Pandora Media may be exploring a sale, but a willing buyer may be harder to pin down.
The Internet radio service surged as much as 14.8 percent Thursday on news of a potential sale before giving up much of the gains after hours in response to disappointing earnings. Even with some expectations of a potential deal now reflected in the stock price, the shares closed roughly 77 percent below their record high, meaning shareholders don't expect the $1.9 billion company to fetch anything close to a knockout premium.
Pandora is at least partly responsible for the jam in which it finds itself. Executives have missed opportunities to shift the company's business approach, feuded with the music industry and relied on an oddball government rate for licensing that was out of their control and a near-permanent source of investor anxiety. With that last part now settled (a government tribunal in December set a fixed rate for Pandora's music royalty fee), a window has opened for a sale to rivals that took a different path.

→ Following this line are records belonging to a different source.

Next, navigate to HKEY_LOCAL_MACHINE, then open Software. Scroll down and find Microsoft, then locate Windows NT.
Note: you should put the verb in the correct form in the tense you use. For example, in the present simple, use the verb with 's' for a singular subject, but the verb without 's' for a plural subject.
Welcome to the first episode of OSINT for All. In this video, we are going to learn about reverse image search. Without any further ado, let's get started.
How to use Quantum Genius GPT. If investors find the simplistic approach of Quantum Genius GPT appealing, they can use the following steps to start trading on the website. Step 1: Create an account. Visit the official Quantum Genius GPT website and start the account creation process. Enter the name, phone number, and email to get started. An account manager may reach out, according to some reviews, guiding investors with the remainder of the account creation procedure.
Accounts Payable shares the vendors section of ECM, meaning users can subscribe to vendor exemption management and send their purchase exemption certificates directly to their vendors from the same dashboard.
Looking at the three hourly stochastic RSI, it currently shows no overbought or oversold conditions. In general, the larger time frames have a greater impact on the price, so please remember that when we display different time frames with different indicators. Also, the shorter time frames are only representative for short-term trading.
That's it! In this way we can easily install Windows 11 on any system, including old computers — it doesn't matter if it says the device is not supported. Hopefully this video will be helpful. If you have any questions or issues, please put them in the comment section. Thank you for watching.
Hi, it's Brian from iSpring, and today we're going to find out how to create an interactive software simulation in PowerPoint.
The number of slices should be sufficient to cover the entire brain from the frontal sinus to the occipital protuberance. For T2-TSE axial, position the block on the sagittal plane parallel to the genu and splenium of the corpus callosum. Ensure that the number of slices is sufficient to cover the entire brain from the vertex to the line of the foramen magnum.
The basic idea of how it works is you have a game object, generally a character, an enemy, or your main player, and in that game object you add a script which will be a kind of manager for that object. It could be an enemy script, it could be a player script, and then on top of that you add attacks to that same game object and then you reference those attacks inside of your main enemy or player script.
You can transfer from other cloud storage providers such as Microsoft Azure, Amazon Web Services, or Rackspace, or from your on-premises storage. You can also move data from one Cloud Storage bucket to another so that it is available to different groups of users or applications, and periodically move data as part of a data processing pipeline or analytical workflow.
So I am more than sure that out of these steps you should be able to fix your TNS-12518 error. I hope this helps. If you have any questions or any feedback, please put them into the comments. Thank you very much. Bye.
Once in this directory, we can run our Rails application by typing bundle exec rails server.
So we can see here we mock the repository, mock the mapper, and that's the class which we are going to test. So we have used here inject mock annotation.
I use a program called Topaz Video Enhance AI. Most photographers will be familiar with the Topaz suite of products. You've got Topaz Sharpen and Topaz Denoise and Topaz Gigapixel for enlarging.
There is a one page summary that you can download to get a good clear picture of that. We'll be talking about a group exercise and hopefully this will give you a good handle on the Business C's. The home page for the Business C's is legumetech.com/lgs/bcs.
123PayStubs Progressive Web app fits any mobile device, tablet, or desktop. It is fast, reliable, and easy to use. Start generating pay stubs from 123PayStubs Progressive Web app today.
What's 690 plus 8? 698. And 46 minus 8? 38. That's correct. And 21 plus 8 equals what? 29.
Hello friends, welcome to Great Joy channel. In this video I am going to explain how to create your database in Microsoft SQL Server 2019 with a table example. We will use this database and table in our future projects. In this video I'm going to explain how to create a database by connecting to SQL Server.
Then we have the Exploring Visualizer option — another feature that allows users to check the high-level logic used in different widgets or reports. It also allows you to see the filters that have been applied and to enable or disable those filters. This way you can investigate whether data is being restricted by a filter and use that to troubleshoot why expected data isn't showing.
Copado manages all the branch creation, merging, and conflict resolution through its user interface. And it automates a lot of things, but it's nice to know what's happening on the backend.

Google, Spotify, Apple, Amazon and other music service providers went hat-in-hand to the music industry poobahs and negotiated contracts for the rights to stream their songs. It wasn’t cheap, nor was it easy to deal with big egos and inflated financial expectations in the record business.
But now those tech companies have access to the most important part of the supply chain. Pandora wants the same deals now, and now must negotiate music-industry deals from scratch. That won't be simple at a point when it has almost no leverage because of rising competition for listeners and for song rights -- and because the music industry hates Pandora.
Meanwhile, the tech titans appear to be eroding Pandora’s head start in digital music. Pandora last fall blamed new free trial offers of Apple Music for a slowdown in usage, but the trend persisted through the fourth quarter. The amount of time Pandora users spent on the service grew just 3 percent in the period from a year earlier. That compared to a 15 percent increase in listener hours during the final quarter of 2014. The number of people regularly using Pandora also declined slightly in 2015.
Pandora also is burdened with exorbitant costs for music licensing that have helped make the company unprofitable each year since its 2011 IPO. The company’s loss from operations was $170 million in 2015, as the cost for song rights gobbled 52 percent of Pandora’s revenue, or $610 million.
It may be that the only parties that would be interesting in Pandora and have the means to buy it are the same tech giants crushing the company. Google, Apple, Amazon and Microsoft could incorporate Pandora into their existing digital-music services, and their fat wallets would enable them to keep paying Pandora's tab for song rights.
While Pandora's Internet radio service isn't a "must-own," it could be a nice add-on, for example, to YouTube, which is the most used streaming music service in the world. Even a generous $3.9 billion takeover price -- a 50 percent premium to Pandora's current level -- would only represent about 5 percent of Google's cash and marketable securities. That same price tag equates to about 9 percent of Apple's cash and marketable securities , and 4 percent and 20 percent of Microsoft's and Amazon's, respectively. Any of them could easily afford it.
But before getting too carried away about what could be, it's useful to remember that betting on potential takeovers can result in heartbreak. Yelp, which paused its own exploration of a sale last year, has since plunged to a three-year low. And although Rackspace's decision to reject suitors looked like the right move for a while, its stock has plummeted to a five-year low.
Pandora executives on Thursday stressed their confidence in a five-year strategy that involves starting a new service similar to Apple Music, expanding its business selling concert tickets and finding ways to make money from the company’s trove of data on more than 81 million listeners. The plan is more hype than reality for now. A sale is a less risky path, though it won’t be a windfall for investors who have long hoped against hope.
This column does not necessarily reflect the opinion of Bloomberg LP and its owners.
Pandora says the expenses for music were inflated last year by a legal settlement and other one-time costs.
Excludes long-term marketable securities.